Professor Magocsi is the author of over 900 works, including 41 books primarily in the fields of political, cultural, and religious history, sociolinguistics, bibliography, cartography, immigration and ethnic studies. Among the most prominent of these publications are: The Shaping of a National Identity: Subcarpathian Rus’, 1848-1948 (Harvard University Press, 1978); Galicia: A Historical Survey and Bibliographic Guide (University of Toronto Press, 1983); Historical Atlas of East Central/ Central Europe (University of Washington Press, 1993/2002); A History of Ukraine: The Land and Its Peoples (University of Toronto Press, 1996/2010); Of the Making of Nationalities There is No End, 2 vols. (Columbia University Press, 1999); The Roots of Ukrainian Nationalism (University of Toronto Press, 2002); Ukraine: An Illustrated History (University of Toronto Press, 2007); This Blessed Land: Crimea and Crimean Tatars (University of Toronto Press, 2014); With Their Backs to the Mountains: A History of Carpathian Rus’ and Carpatho-Rusyns (Central European University Press, 2015); Jews and Ukrainians: Millennium of Co-Existence, co-author (University of Toronto Press, 2016); and Carpathian Rus’: A Historical Atlas (2017). He is also the editor-in-chief of the Encyclopedia of Canada’s Peoples (University of Toronto Press, 1999) and co-editor and main author the Encyclopedia of Rusyn History and Culture (University of Toronto Press, 2002/2005).
Professor Magocsi has taught at Harvard University, the Hebrew University in Jerusalem, Prešov University in Slovakia, and on five occasions was historian-in-residence at the Max Planck Institute for Social Anthropology in Halle, Germany.
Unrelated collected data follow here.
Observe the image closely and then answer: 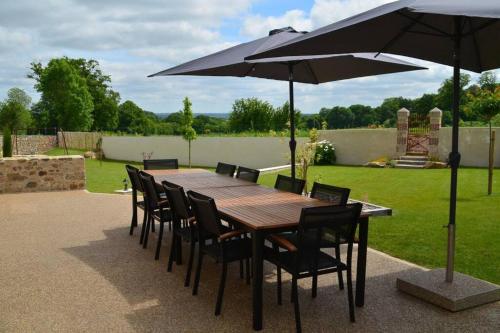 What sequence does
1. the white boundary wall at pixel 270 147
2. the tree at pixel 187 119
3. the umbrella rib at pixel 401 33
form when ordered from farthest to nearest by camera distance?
the tree at pixel 187 119, the white boundary wall at pixel 270 147, the umbrella rib at pixel 401 33

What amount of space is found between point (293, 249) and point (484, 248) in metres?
3.17

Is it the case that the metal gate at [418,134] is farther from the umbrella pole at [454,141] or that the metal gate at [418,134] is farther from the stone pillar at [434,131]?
the umbrella pole at [454,141]

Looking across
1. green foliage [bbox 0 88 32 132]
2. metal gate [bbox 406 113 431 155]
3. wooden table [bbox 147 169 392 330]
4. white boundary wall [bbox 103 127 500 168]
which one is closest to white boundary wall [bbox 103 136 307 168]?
white boundary wall [bbox 103 127 500 168]

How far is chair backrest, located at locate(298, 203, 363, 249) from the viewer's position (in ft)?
10.2

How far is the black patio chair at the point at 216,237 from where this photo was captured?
3.61 metres

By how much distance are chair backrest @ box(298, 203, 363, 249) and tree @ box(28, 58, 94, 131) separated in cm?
4127

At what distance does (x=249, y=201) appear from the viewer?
4344 mm

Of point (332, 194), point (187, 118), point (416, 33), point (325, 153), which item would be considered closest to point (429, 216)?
point (332, 194)

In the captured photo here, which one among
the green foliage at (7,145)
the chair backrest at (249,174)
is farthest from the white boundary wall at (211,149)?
the chair backrest at (249,174)

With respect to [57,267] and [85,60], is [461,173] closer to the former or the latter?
[57,267]

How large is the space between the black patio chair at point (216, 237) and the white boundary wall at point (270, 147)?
32.4 feet

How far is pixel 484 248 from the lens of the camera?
5.23m

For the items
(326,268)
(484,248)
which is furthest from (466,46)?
(326,268)

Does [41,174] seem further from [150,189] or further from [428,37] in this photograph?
[428,37]
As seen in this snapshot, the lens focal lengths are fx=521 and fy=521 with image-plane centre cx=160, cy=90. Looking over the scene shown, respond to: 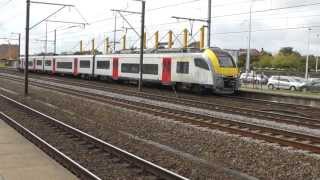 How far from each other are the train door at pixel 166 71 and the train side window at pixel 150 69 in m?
1.48

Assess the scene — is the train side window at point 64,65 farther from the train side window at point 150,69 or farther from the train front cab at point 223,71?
the train front cab at point 223,71

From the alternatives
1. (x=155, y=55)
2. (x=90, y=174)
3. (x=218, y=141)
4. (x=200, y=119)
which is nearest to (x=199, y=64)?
(x=155, y=55)

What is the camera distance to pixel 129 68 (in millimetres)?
42344

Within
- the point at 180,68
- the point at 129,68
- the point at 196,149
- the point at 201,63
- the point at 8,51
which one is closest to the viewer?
the point at 196,149

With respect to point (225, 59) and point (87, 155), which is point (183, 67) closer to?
point (225, 59)

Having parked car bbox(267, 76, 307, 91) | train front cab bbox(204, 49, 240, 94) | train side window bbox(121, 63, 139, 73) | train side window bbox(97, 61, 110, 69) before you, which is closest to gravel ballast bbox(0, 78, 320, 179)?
train front cab bbox(204, 49, 240, 94)

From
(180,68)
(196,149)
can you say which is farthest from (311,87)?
(196,149)

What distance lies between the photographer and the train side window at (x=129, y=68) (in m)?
41.0

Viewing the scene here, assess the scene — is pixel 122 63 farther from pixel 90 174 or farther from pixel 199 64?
pixel 90 174

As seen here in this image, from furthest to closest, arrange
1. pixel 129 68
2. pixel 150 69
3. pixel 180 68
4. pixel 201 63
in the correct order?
pixel 129 68 < pixel 150 69 < pixel 180 68 < pixel 201 63

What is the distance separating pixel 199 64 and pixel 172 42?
2040cm

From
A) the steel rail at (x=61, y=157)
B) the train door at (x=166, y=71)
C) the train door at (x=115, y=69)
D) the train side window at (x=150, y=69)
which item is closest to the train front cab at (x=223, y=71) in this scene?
the train door at (x=166, y=71)

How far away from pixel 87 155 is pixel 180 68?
22.5 m

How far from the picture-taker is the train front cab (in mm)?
30469
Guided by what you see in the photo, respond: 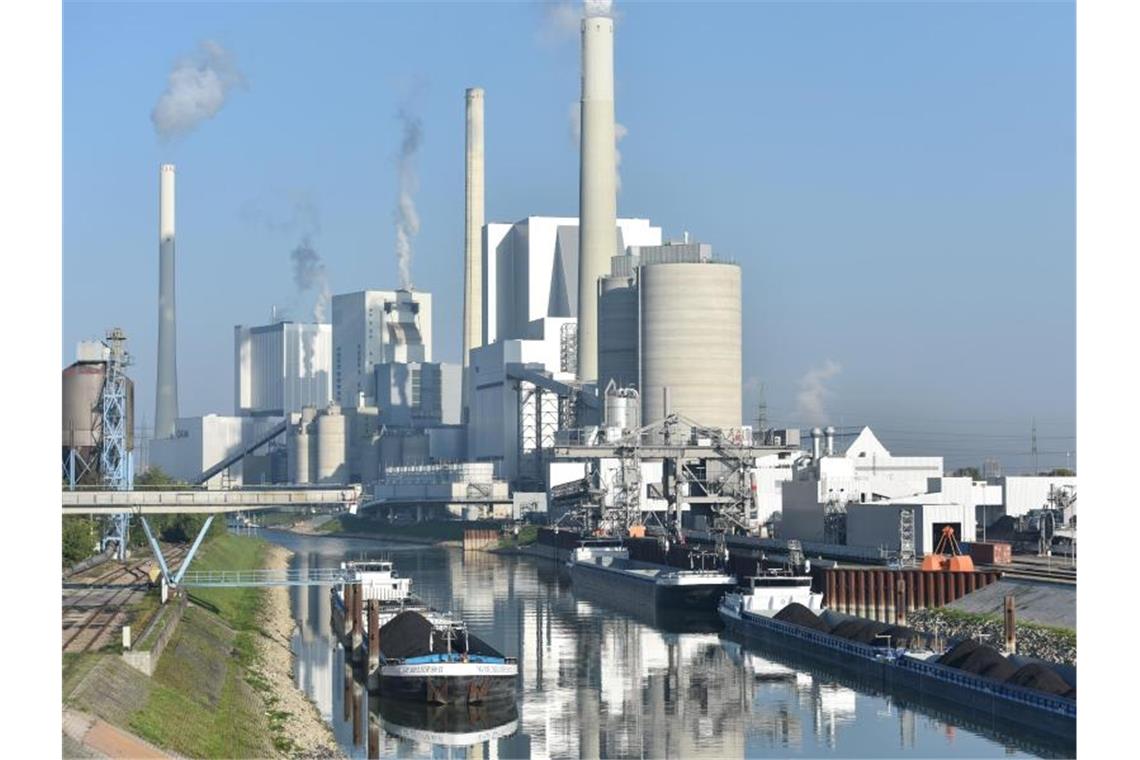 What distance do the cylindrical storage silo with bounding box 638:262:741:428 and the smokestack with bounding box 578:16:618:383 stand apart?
59.1 feet

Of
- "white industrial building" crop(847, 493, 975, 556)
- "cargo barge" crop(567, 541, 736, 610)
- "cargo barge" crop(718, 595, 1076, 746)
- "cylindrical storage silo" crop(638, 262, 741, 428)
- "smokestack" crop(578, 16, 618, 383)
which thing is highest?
"smokestack" crop(578, 16, 618, 383)

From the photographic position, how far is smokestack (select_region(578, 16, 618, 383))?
150 m

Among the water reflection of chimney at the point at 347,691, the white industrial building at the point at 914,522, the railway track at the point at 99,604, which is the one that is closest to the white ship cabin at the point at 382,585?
the railway track at the point at 99,604

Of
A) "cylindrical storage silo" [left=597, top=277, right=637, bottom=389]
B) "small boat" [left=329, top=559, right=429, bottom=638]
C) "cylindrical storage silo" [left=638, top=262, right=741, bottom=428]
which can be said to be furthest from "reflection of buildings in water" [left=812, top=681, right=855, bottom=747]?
"cylindrical storage silo" [left=597, top=277, right=637, bottom=389]

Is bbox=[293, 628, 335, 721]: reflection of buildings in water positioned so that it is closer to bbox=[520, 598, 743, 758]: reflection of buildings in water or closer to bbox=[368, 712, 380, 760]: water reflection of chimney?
bbox=[368, 712, 380, 760]: water reflection of chimney

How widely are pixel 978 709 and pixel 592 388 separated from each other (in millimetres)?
116260

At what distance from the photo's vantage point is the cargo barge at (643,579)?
3095 inches

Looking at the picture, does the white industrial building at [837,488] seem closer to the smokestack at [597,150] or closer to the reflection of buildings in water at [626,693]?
the reflection of buildings in water at [626,693]

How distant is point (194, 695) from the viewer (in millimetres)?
41875

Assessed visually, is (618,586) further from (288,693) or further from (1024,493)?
(288,693)

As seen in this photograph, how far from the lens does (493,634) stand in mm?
68062

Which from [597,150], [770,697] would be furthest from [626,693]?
[597,150] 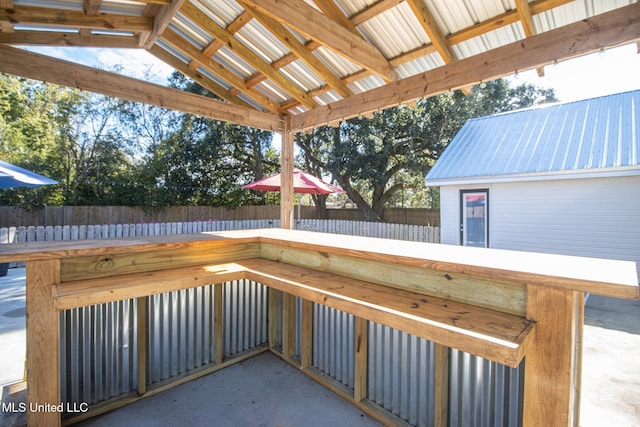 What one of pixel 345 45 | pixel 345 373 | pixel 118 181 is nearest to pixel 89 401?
pixel 345 373

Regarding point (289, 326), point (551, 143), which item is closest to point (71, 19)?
point (289, 326)

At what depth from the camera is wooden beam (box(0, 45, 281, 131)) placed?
2.74 meters

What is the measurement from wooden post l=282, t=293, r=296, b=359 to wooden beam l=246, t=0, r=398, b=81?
7.08 feet

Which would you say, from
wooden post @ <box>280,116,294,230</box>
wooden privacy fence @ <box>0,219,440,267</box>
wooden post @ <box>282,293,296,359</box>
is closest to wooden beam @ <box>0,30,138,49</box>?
wooden post @ <box>280,116,294,230</box>

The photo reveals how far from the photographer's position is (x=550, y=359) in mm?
1153

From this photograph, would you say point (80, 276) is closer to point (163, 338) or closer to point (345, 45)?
point (163, 338)

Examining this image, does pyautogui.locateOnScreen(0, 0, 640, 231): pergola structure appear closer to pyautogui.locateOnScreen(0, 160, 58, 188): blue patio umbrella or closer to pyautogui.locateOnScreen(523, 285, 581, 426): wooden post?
pyautogui.locateOnScreen(523, 285, 581, 426): wooden post

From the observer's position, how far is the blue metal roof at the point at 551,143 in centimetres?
586

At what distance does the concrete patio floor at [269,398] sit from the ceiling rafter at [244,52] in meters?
2.95

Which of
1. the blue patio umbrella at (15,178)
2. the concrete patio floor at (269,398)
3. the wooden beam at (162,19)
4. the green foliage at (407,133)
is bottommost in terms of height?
the concrete patio floor at (269,398)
He was appointed a permanent fellow of the Royal Society of Canada—Canadian Academies of Arts, Humanities, and Sciences (1996), a member of the Polish Academy of Arts and Sciences in Cracow, Poland (2023) and has been awarded honorary degrees from Prešov University in Slovakia (doctor honoris causa, 2013) and from Kamianets-Podilskyi National University in Ukraine (pochesnyi profesor, 2015).